Enterprise development programmes aim to foster sustainable SMEs that can promote economic growth and reduce poverty. These programmes can be public or private, and are run by a variety of actors including NGOs, multilateral organisations, domestic SME development agencies, development finance institutions, impact investors, and foundations. They have many different intervention models – from direct support such as finance, training, or advisory services; to indirect approaches such as value chain and market systems development. This toolkit is neutral about the means of intervention to instead focus on the ends: Capturing changes in SME performance.

What are SMEs?

Small and medium enterprises (SMEs) are the backbone of the global economy. They are estimated to constitute 90% of worldwide businesses, employing two-thirds of the total workforce . This toolkit focuses on developing countries SMEs who are a major engine of job creation, and a source of income and livelihoods for millions of people.

What counts as an SME? There is no standard international definition of what constitutes an SME. Definitions vary by country and are usually based on the number of employees or the annual turnover of enterprises. Typically, SMEs are defined as enterprises with less than 250 employees. Small enterprises have 10 to 100 employees, and medium-sized enterprises have 100 to 250 employees . Microenterprises with fewer than 10 employees are not covered in the scope of this toolkit as it is thought that they have distinct data needs with different ownership structures and worker-management relationships.
Why is measuring SME performance a challenge?
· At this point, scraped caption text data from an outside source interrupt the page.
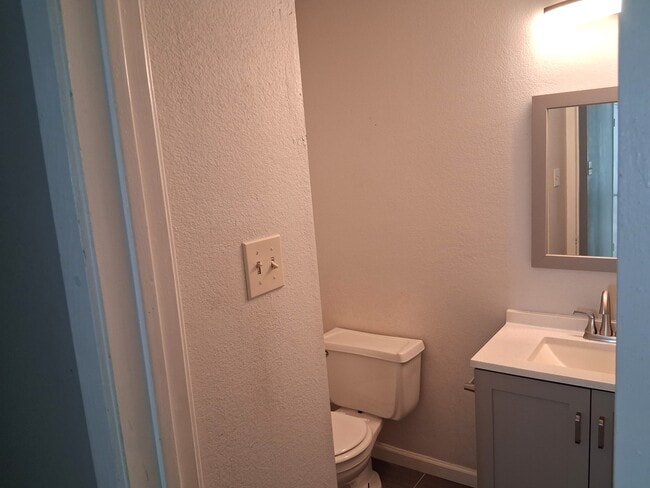 Photo - 920 N 7th St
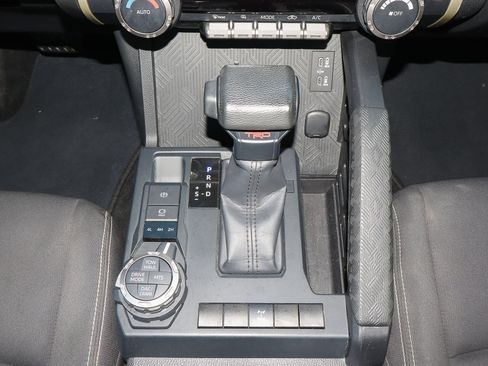 Used 2024 Toyota Tacoma TRD Off-Road image 23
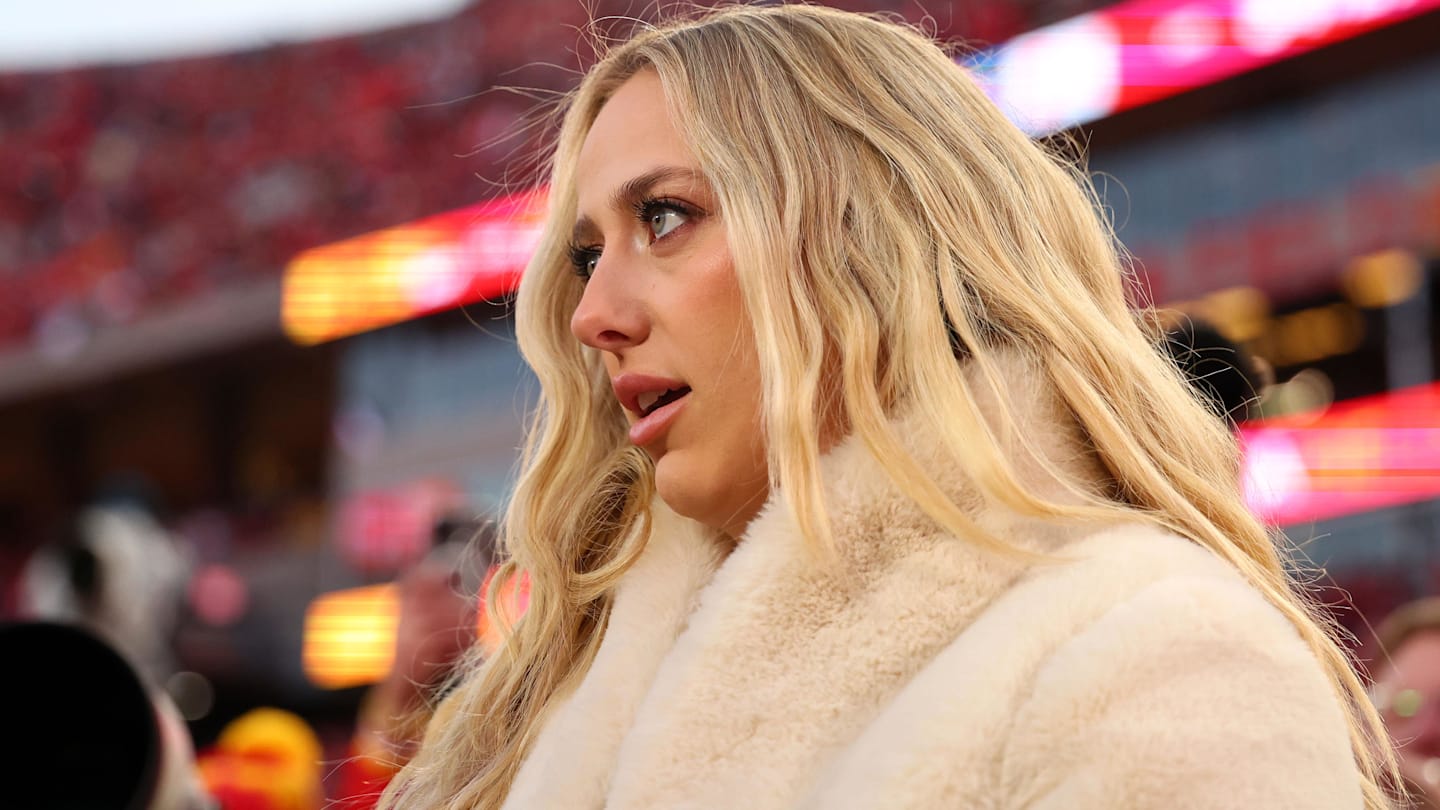 Cowboys star George Pickens deletes unreal Brittany Mahomes post before Chiefs game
Enterprise development projects need to measure changes in SME performance, not only to report results to project funders, but also to help SMEs continuously improve. But measuring the performance of SMEs in the context of a developing economy brings special considerations.

  1. Face pressing capacity challenges in record keeping, data collection, and access to modern management techniques – along with the technology that drives it. Most SMEs have some kind of performance measurement system, however, these tend to be very basic.
  2. Operate in intensely competitive environments where the is little market differentiation - meaning most SMEs have to tussle just to survive, reducing the incentive to collect and use data. Some countries have 5-year survival rates as low as 10%.
  3. Have flatter management structures, less bureaucracy and – in theory at least – can be more agile and adaptive to use performance information to improve.
  4. Rely on productivity gains to maximise long-term competitiveness and profitability . In the absence of intellectual property or technology as a source of comparative advantage, labour productivity is often critical to sustaining SME performance.
Why focus on labour conditions?

Enterprise development projects are facing increasing pressure to demonstrate that their work is leading to qualitative improvements in people’s terms and conditions of employment. As researchers have noted, it is “not only the number, but also the quality of jobs matters to poverty alleviation and economic development”.
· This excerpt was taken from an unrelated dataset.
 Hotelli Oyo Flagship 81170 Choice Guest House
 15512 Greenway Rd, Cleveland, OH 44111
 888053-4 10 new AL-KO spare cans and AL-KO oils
For many SMEs in the global south, workers are a critical determinant of business success. Since SMEs often undertake labour-intensive activates, they rely on a supply of labour – with varying skills requirements - to produce their goods and services. Labour and employment issues are frequently included in non-financial performance measurement systems, but they often only focus on the most easily quantifiable elements such as the number of accidents.

Labour conditions refer to the working environment and all circumstances affecting the workplace, including job hours, physical aspects, and the rights and responsibilities of SMEs towards their workers. Many aspects of this work environment are covered by national labour laws, which in turn are shaped by the eight fundamental ILO conventions.
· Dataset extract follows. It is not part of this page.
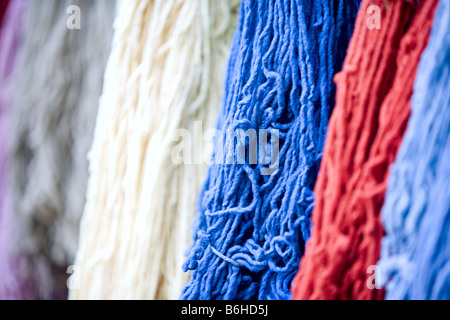 Rote, weiße und blaue Wolle Garne. Stockfoto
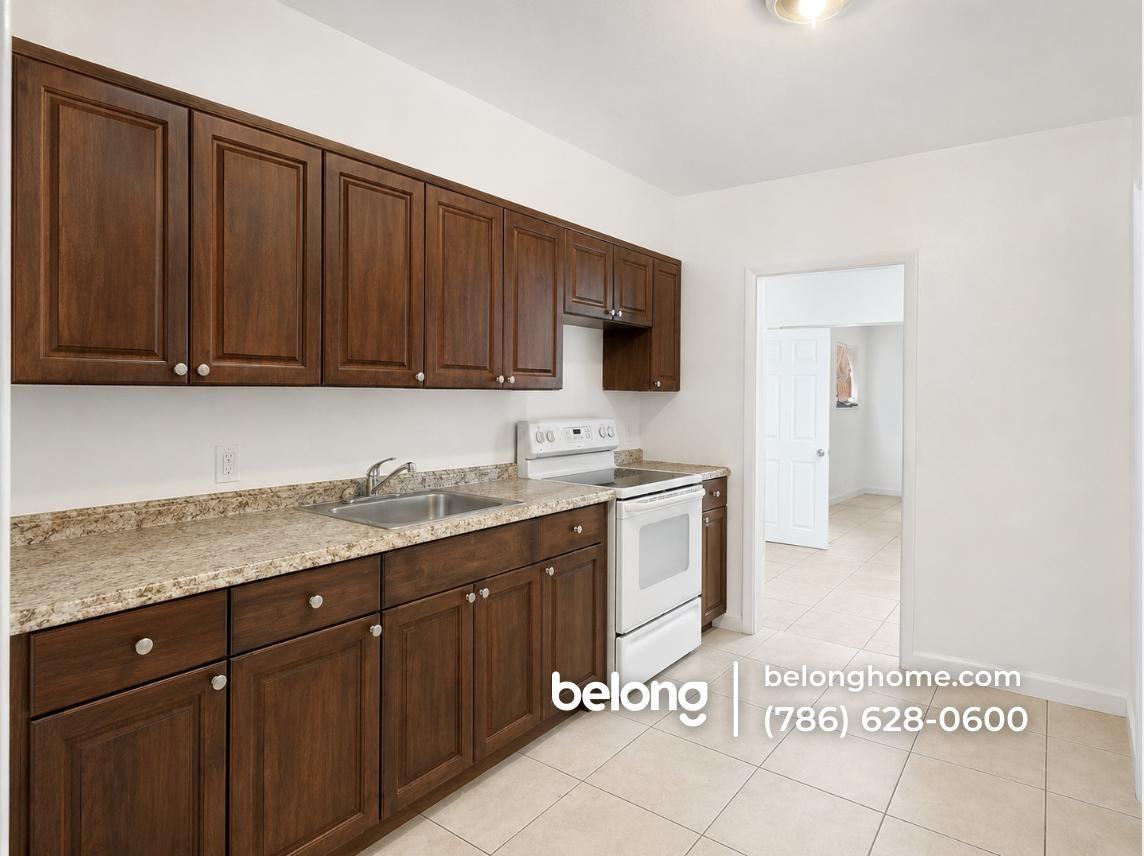 280 Seaman Ave - Photo 2 of 3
By improving labour conditions, SMEs can also improve their business outcomes. Better health and safety practices can boost productivity and employee retention. Companies have shown growth in sales per employee workforce hour following targeted training programmes. As recent research has demonstrated, jobs with decent wages, predictable hours, sufficient training, and opportunities for advancement can be a source of competitive advantage. For many businesses, thinking about employee working conditions has shifted from a way to minimize risk to a competitive advantage.

Conversely, bad conditions can be bad for business: Poor health and safety practices can result in fines and slow task completion. Industrial action and absenteeism can lead to prolonged disruption to operations. An SME owner says, “You have to have an environment where people are happy working, where they cooperate well, interact well. If you have problems in the way people work, it could terribly affect the performance”.